I do the same. Forgejo works really well, and I'm also absolutely stoked for forge fed some day.

It also has things like CI/CD. It's a really really good project and self hosting it is relatively painless. Even integrating it with my identity provider over oidc was no problem.

[–] [email protected] 67 points 1 month ago

Codeberg. Fully Libre

[–] [email protected] 56 points 1 month ago (1 children)

Codeberg. I host my web portfolio live there and even did a small contribution to kbin when it was alive. It's great though now I'd want to look at forgejo.

[–] [email protected] 3 points 1 month ago (2 children)

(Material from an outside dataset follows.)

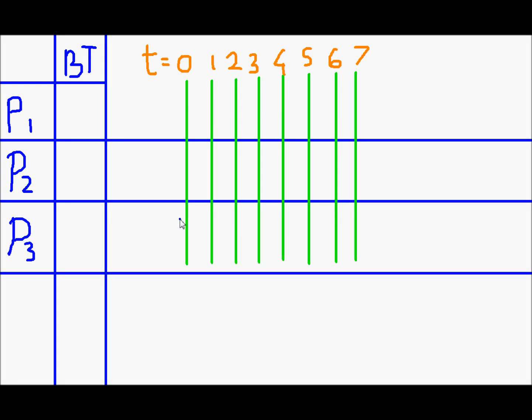I am Saud and in this video we will implement process scheduling using the round robin technique. We have three processes P1, P2, and P3 with burst times of 2, 1, and 4 respectively.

When you say you host it live on Codeberg, do you mean something akin to GitHub pages? I didn't know that existed

[–] [email protected] 3 points 1 month ago

Yup, that's what I mean

[–] [email protected] 31 points 1 month ago* (last edited 1 month ago) (4 children)

I use Github for 4 reasons:

  • Everybody else is on Github. Github is to repo hosting what Youtube is to video hosting. It's sad but that's how it is in this world of unchecked, extreme big tech monopolization. So I put my stuff up there because it's just simpler to be found.
  • I use Github as a dumb git repo. I don't use any of the extra social media garbage Microsoft tacked onto it. So I get free hosting and Microsoft pretty much gets no data on me - i.e. I'm a net loss to them.
  • You can use dumb repos as PPA and RPM sources, if you need to distribute Debian or Redhat packages. Microsoft never intented for repos to be used this way, but if I can abuse Microsoft services, I will six ways to Sunday.
  • Github lets you drop videos in your README.md. But here's a trick: you can use the links to the video files anywhere. In other words, you can use Github to host videos that you can post on other forums - including here on Lemmy, or on Reddit if you're still patronizing that cesspit for some reason. I find this a nice way to abuse Microsoft's resources also, and I'm all for abusing Microsoft's resources.

TL;DR: I use Github not only because it's the most prevalent git hosting service out there, but because I can abuse it and make Microsoft pay for the abuse without getting anything of value from me in return.

[–] [email protected] 14 points 1 month ago

Reading the first sentence of your post: I dispise you.

Read to the end: I love you.

[–] [email protected] 6 points 1 month ago (2 children)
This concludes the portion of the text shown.